Naomi Watts is perhaps one of the most compelling actresses working today. Though the roles she has taken on in recent years haven’t bore that out, she remains an actor of modest ambition but exceptional skill. Watts provides the Rachel character with a believably inquisitive core and frayed motherly concern succeeding as the tale’s ambitious protagonist. Martin Henderson co-stars as Noah, Rachel’s former love interest and father to their child, Aiden, played by David Dorfman. Henderson is well cast as the largely immature fella in their lives, but it is Dorfman as the mature-beyond-his-years lad (he calls his mother Rachel) whose ghostly stoicism and unusual command of emotion and situation stand in contrast to Watts’ oft agitated demeanor. The inimitable Brian Cox also stars.
The Ring bowed on Blu-ray earlier this year as a Best Buy exclusive and is now available at other retailers. Thankfully so as this a terrific looking disc. Framed at 1.85:1, matching its theatrical presentation, it comes with a pronounced color tone (a strong teal which leans more towards blue in the city scenes) is that helps to create the sense that it is a slightly off-kilter world the characters inhabit. It is a cold, unforgiving world.
The image shows off some fine detail and comes with nice texture. Interference by those who might seek to sharpen edges is nowhere to be found. This is a very well done high definition release.
The English 5.1 DTS-HD Master Audio is the perfect accompaniment to this solid release from Paramount. The near-omnipresent rainfall wraps the listener while Zimmer’s score paints the tension and emotional tweezing alongside. Moments of horror – particularly the gripping revelation towards the finale – deliver impressively in the bass and subwoofer. Dialogue is issue-free in the center channel, occasional directional effects and the aforementioned weather crisp in the surrounds and music, ambience and other sounds tight in the front channels.
2.5 / 5
Note: the back cover refers to a special feature, Cursed Video, which is absent from the disc.
Don’t Watch This (15:26) (HD): Deleted scenes and moments from the film (sewn together with flashes of the disturbing video tape) creating a mini-movie of a sort.

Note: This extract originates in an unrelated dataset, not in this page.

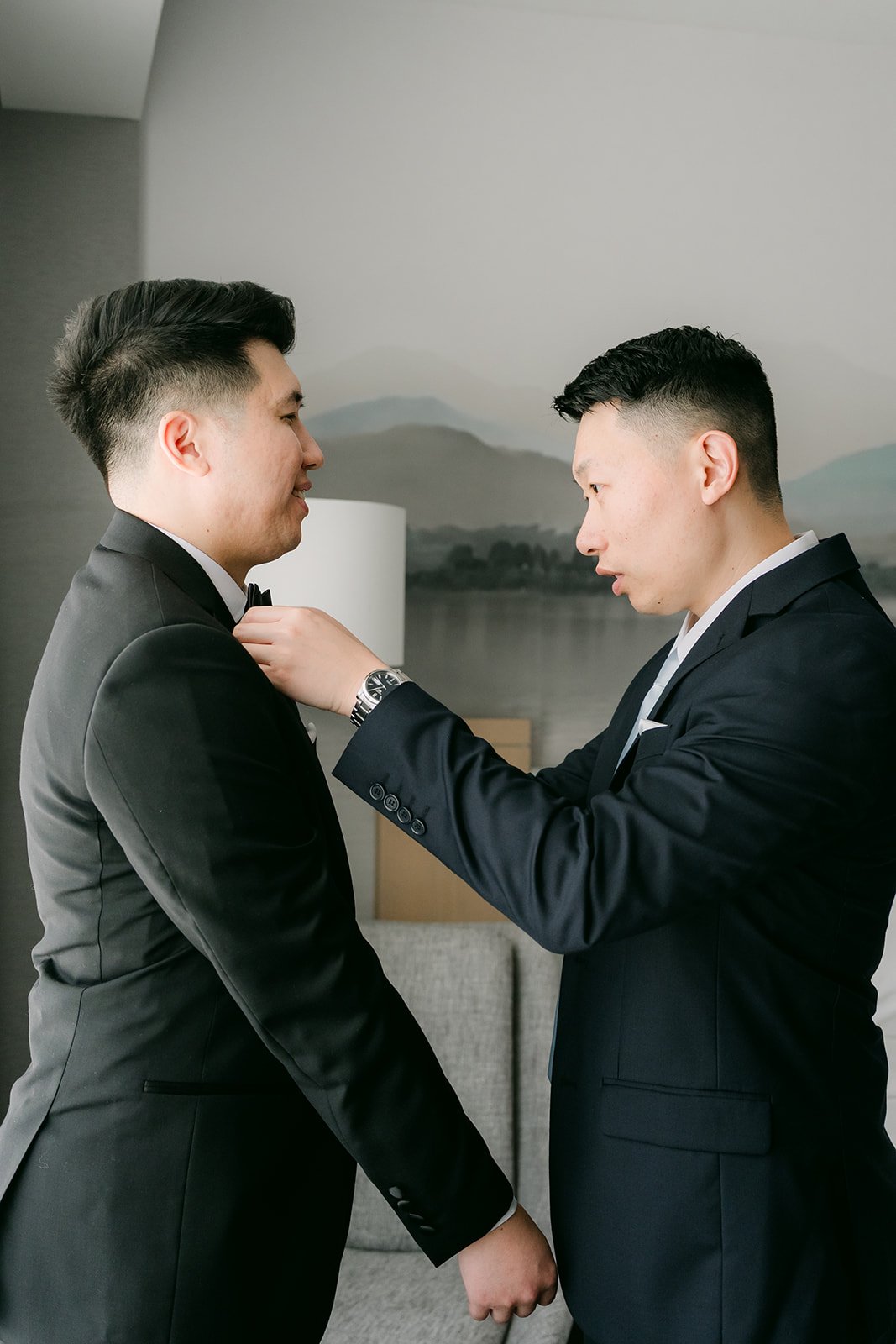 A groomsman helping San with his tuxedo jacket.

Rings (16:42) (HD): This nearly 17 minute extra feature serves as a bridge between this film and its less successful sequel. .

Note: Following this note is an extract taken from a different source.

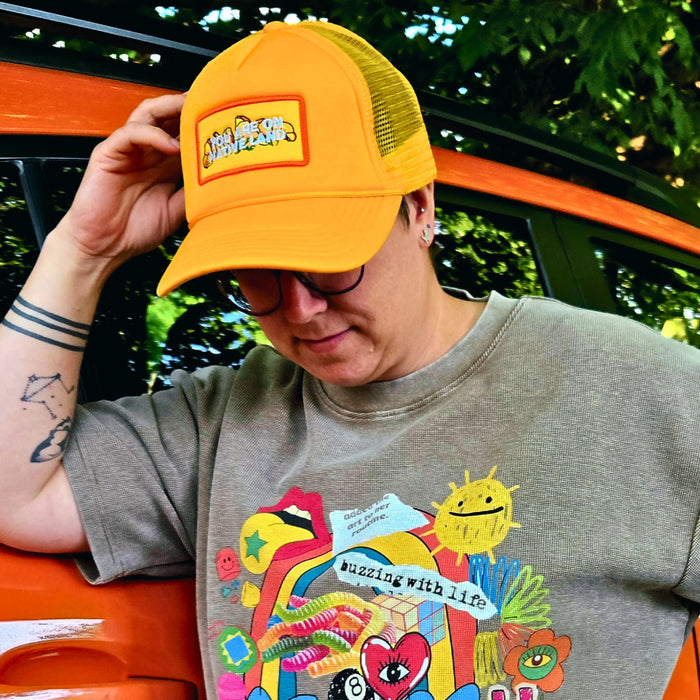 YOU ARE ON NATIVE LAND' POPPY TRUCKER HAT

Cast and Filmmaker Interviews (7:58) (HD): Actors discuss their characters and the director and producers talk about the casting choices and reasons.
The Origin of Terror (4:00): A short bit that is mostly the cast and crew sharing urban legends they’d heard through the years (with some ‘experts’ chiming in).
Theatrical Trailer (2:10)
The Ring may not match the visceral intensity of the Japanese original from which it is derived, but the brilliance of the filmmaking, skill of the performances, and intrigue of the plot give depth to a film in a genre that far too often lacks just that. A fine mixed-genre film crafted with proficiency and performed with determination by an effective cast, The Ring works.